Tuesday, August 26, 2014
Maximize Your Condo's Balcony For the Ultimate Green Experience
Whenever you see a sign saying ‘DMCI condo for sale,’ what comes to your mind first? Do you often think of a cramped place with nowhere to put your favorite plant in? Not so, because condominiums have terraces suitable for a mini vegetable garden. You never had to sacrifice a green experience with these simple tips.
Container gardening is the most popular terrace garden. Of course, you will need a container or two depending on how wide your balcony is. Wooden boxes, plastic buckets and clay pots are just some of your choices. You should only use high-quality containers with 8 inches depth and 6 inches diameter dimensions. Match the container size to the available space.
Any plant that can be easily transplanted is great. Optionally, germinating seed indoors like the way you would with backyard growing is possible. When the vegetable plants are ready, just transplant them to the container.
Almost all vegetable plants that can be planted on a backyard can be also planted on your condo’s terrace. Vegetables such as eggplant, tomato, parsley, green onion, lettuce, cucumber and herbs can thrive on containers given the right conditions.
If you are planning to plant beans, squash or tomato, you should use wooden tubs or bushel baskets. These are better gardening supplies for bigger plants.
When planting on container gardens, you might as well use synthetic soils as growing mediums. They are the best for container plants as they are made of peat moss, sawdust, wood chips, perlite, vermiculite and other such planting media. The goal is having a lightweight, loose mixture of soil media so the roots of your vegetables will get the right water and air balance.
The rule of thumb is one part soil, one part gravel and one part moistened peat moss. If you are going to buy packaged soil from your local gardening centers, they usually contain more peat so you may only need to add coarse gravel or vermiculite. Compost may be also added for extra nutrients for the plants.
Container gardens need adequate drainage. Put drainage holes on the container, if they don’t have any. Before putting the soil though, you may fill the bottom with coarse gravel to improve drainage for your vegetable plants. Line the pot bottoms with newspaper.

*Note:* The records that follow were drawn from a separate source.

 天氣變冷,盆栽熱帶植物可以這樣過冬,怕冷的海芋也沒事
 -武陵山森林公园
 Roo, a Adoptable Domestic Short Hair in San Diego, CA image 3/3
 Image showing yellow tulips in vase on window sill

Do not forget to water your vegetables once the container garden is settled on the balcony. Watering is the biggest concern when maintaining the container garden. Containers dry out pretty quickly. Watering once a day every day though is enough. Water thoroughly without disturbing surface roots. You may also add water-absorbing polymers, so you need not water more frequently especially if you have bigger vegetable plants.

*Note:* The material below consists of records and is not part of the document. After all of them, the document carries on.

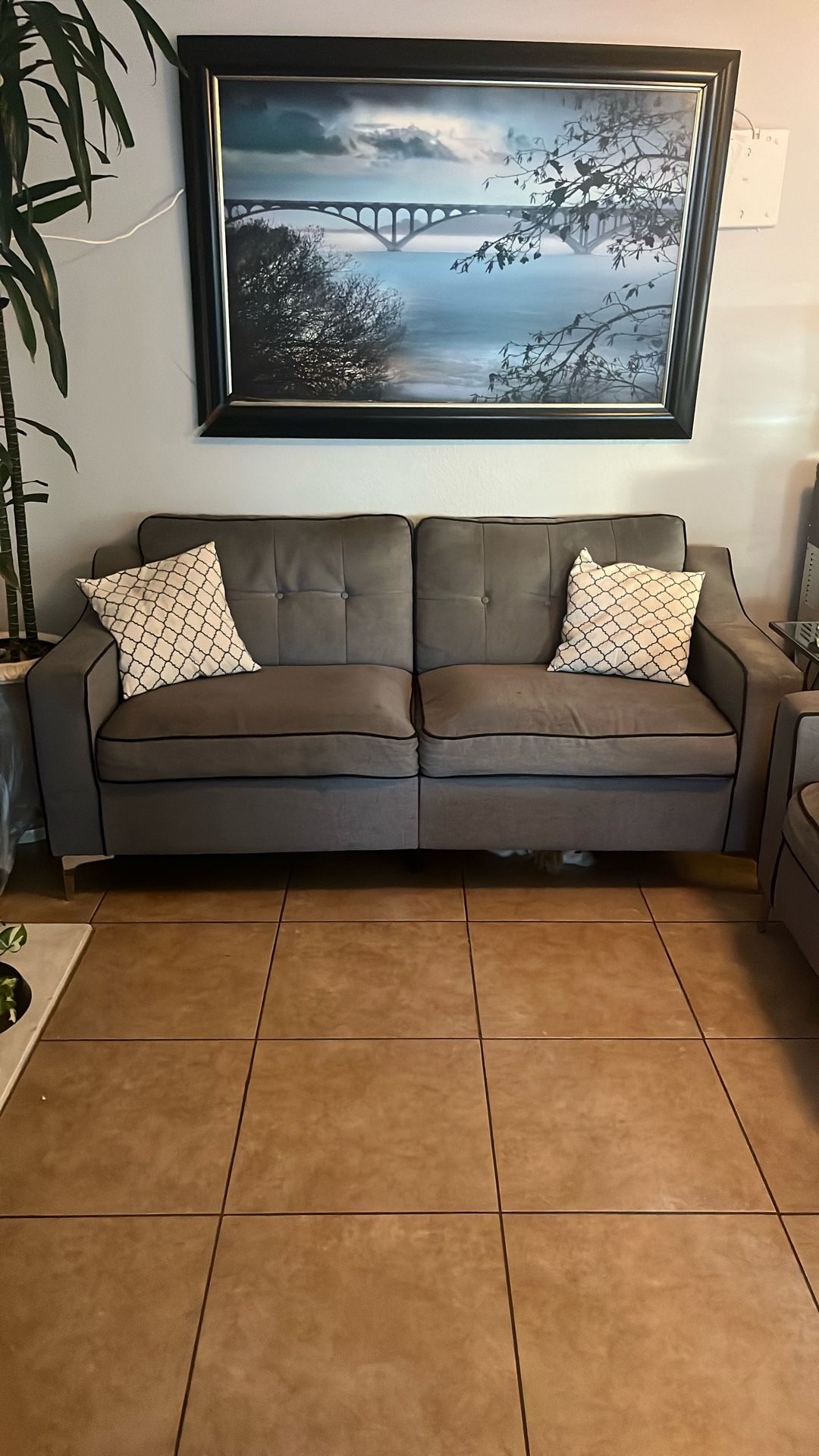 Two Couches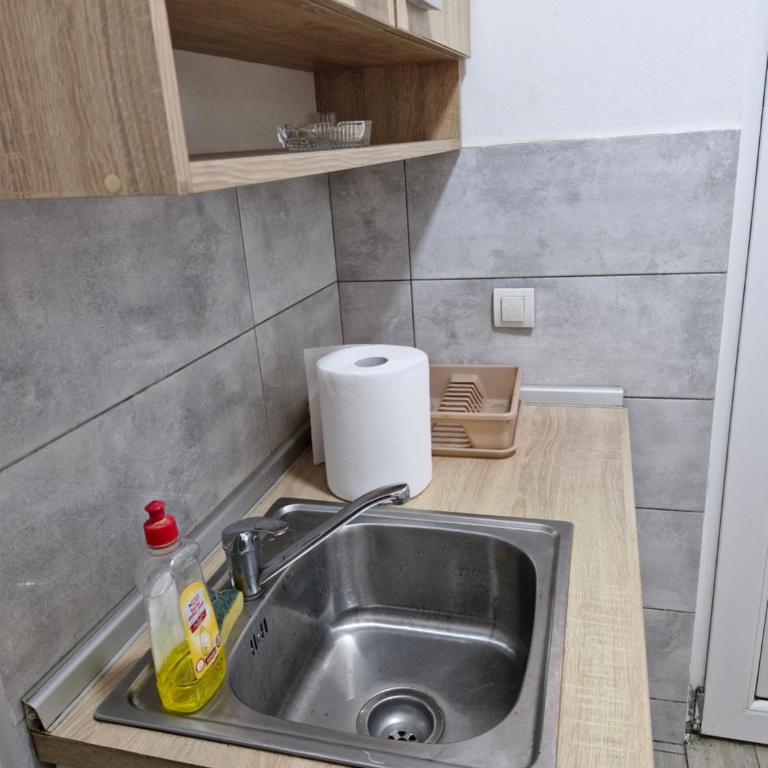Konak Kod Gorana 1 - Apartman sa 1 Spavaćom Sobom - 22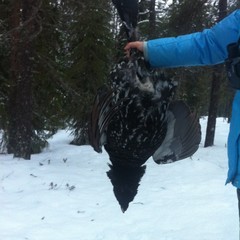 База отдыха Куя-Белое море, Куя, Архангельская область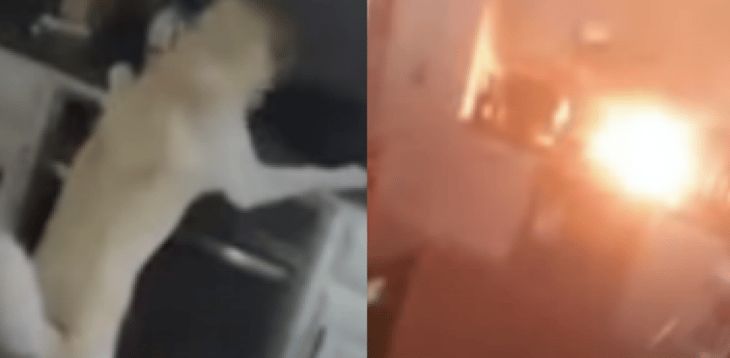 VIDEO: Fuego por todas partes ocasionado por… ¡¿un perro?!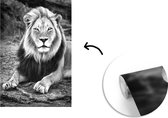 Behang - Fotobehang Dieren - Zwart - Wit - Profiel - Breedte 150 cm x hoogte 220 cm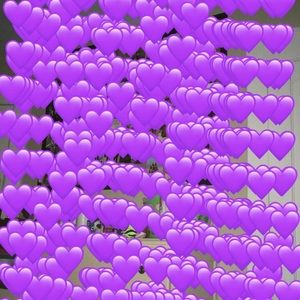 Meet your Posher, Baleigh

When it rains, and your veranda has no roof, there is no need to water them. Even when your balcony has roof above, make sure that direct sunlight is abundant. You may move the container around the balcony if you have to. Porous containers such as wood or clay will need more water compared to metal and plastic.
You may also add water-soluble fertilizers. Don’t over-fertilize the plants, however. Nitrogen fertilizers are highly suitable for green, leafy vegetables. For fruits and flowering plants, phosphorous fertilizer is more suitable.
The balcony garden may eventually yield a good amount of veggies on condition that they are getting plenty of sunlight and water. Vegetables grow best when in full sunlight. Make sure that the plants receive at least 4 hours of direct sunlight. Fruiting vegetables need more, say 10 hours a day. You may just follow the sunlight path around.
You’d know the plants are ready for harvesting. However, harvest them when they at their peak of ripeness for the best tasting veggies.
Nowadays, more and more people are moving into condominiums. If you think condos lack the land for gardening, think again. Terraces, aside from rooftops, can be converted into a vegetable garden. Growing veggies on your balcony is not difficult at all. In fact, this is one of the easiest ways to green your condo. Simply follow the simple soil and container rules noted above for a flourishing balcony vegetable garden.
C’mon and unleash the urban gardener in you!